**Aim of the task:**
Make an exact transcript of the lines in the data below, starting with the one containing "Plush Denim Stitching Warm Jacket" and going on through the one containing "Ceremony decor on", with both included and the pictures left out.

**Task input:**

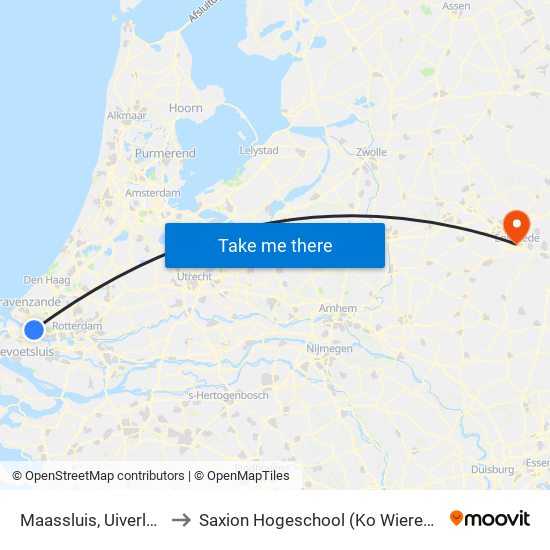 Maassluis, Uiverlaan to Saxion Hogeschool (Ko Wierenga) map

--

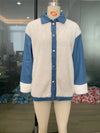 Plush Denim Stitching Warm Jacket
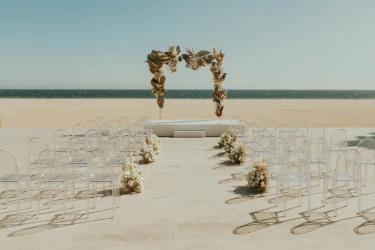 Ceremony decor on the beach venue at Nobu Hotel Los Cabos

**Answer area:**
 Plush Denim Stitching Warm Jacket
 Ceremony decor on the beach venue at Nobu Hotel Los Cabos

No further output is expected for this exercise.